For me, I saw this dream as an example of Psychopomp work, a type of shamanic healing done for the Dead (here's a quick link for information: psychopomps). I picked up a few books on grief counseling and the philosophy of dying, and I'm using my dream as an inspiration for a different type of shamanic study. I've also paid attention to more and more seagulls, which I'm using as an omen that I've figured out the correct lesson from my dream (seagulls remind me of Manannan MacLir, who is a god associated with psychopomp work, and a dear friend).
The second dream of significance to me occurred last weekend. I began reading a book of short stories that center around the Trickster archetype, and I had a dream the night before my shamanism school class. I couldn't remember too many details, other than I knew that Coyote was in it, and that there were lots of adventures and silliness and laughter. The next day, shamanism class was full of insanity. One of my dear friends took a different road to class and got a speeding ticket. Our entire class was distracted by the most mundane things, and we all couldn't stop talking, interrupting each other, and giggling during the lecture. We all stuttered over our words, and every time someone misspoke and someone else laughed, a few of us would cup our hands and put them on top of our heads (like Coyote ears). It was madness!

So, even though I've only had two dreams that have connected with my waking life in any way, I continue to write down my dreams each morning (although I grumble each time). I still don't understand any of my personal symbols, but I have increased my memory and visualization, and I've learned to pay attention to the emotions that underlie strange dream-plots. What dreams have you remembered?

02 January, 2012

New year, new blog/website

My name is Lonely Coyote, and I am a Shaman. Well, an apprentice shaman, but I am just about done with my 2nd year of shamanism school, so that means I'm closer to being a shaman than getting my PhD in Particle Physics (although by that standard, everyone is a shaman)!
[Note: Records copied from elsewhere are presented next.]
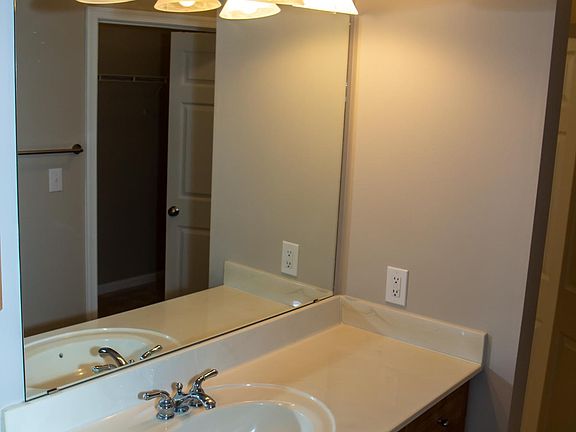 4th image of 12949 Centre Park Cir APT 106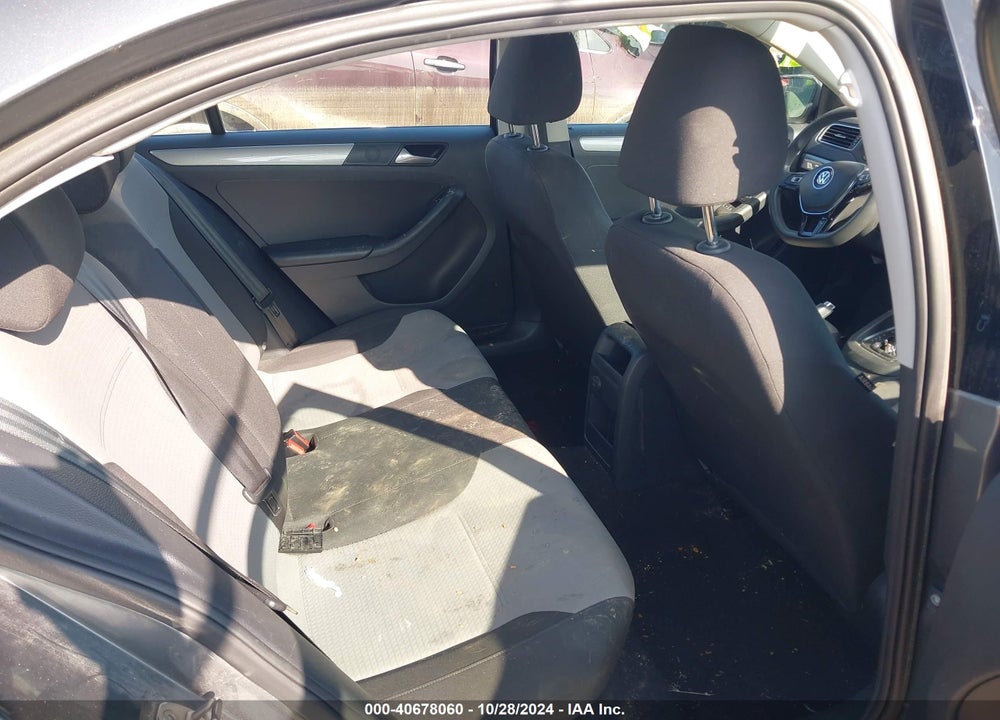 2017 VOLKSWAGEN JETTA 1.4T S VIN: 3VW2B7AJ6HM372094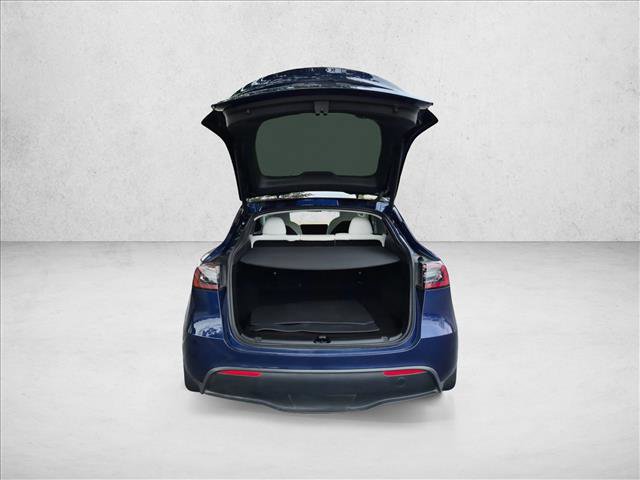 Used 2023 Tesla Model Y Long Range image 6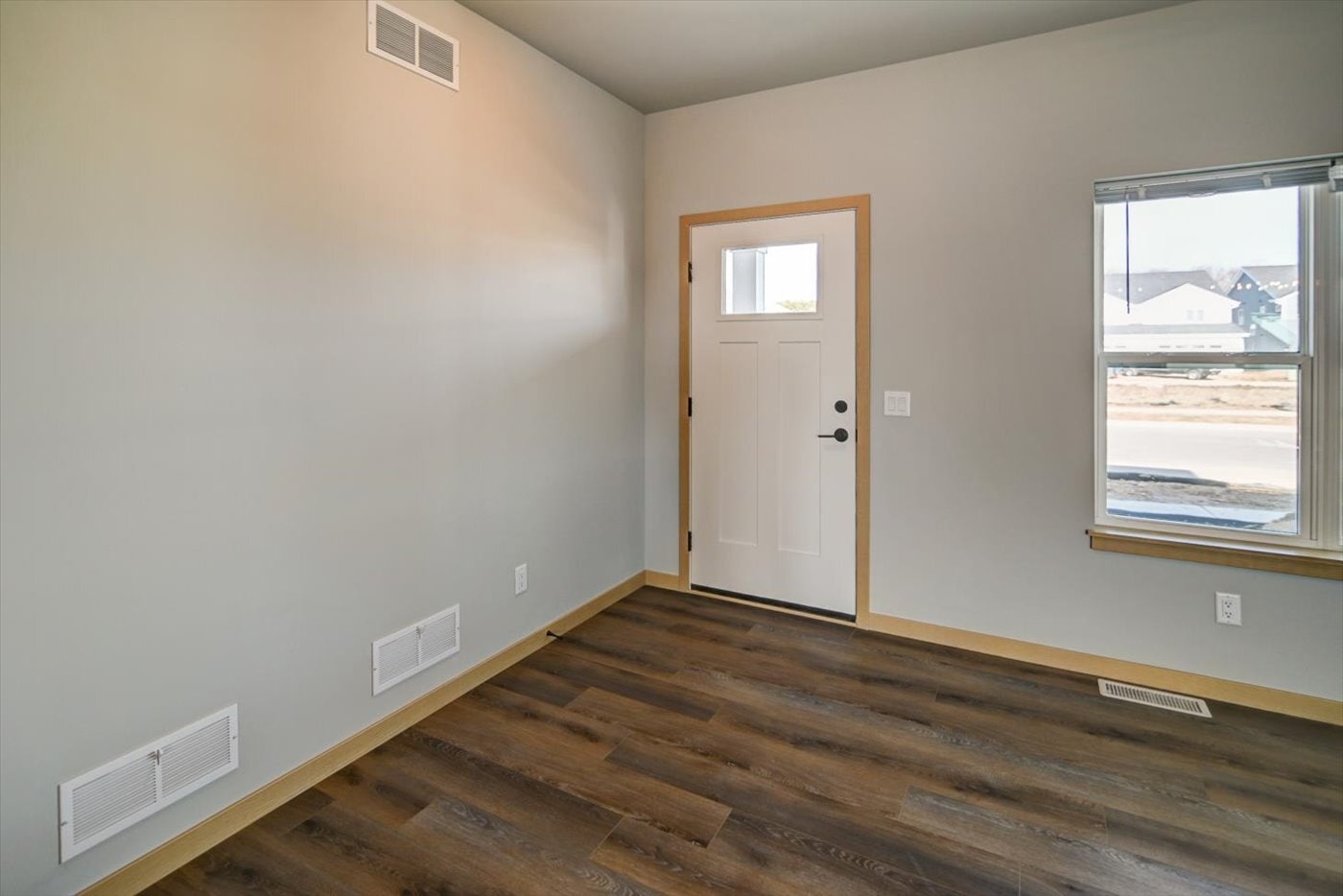 Building Photo - 4831 Suelo Rd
I've seen many things, and all of them in my head, and although I've filled many many notebooks and journals with my lessons, I think that by sharing stories of healing and laughter, others might benefit. Or at least spend some time reading funny stories.

So this site is sort of a New Year's resolution, sort of a personal homework assignment, and definitely a learning experience.

Join me as I learn things the hard way, so you don't have to!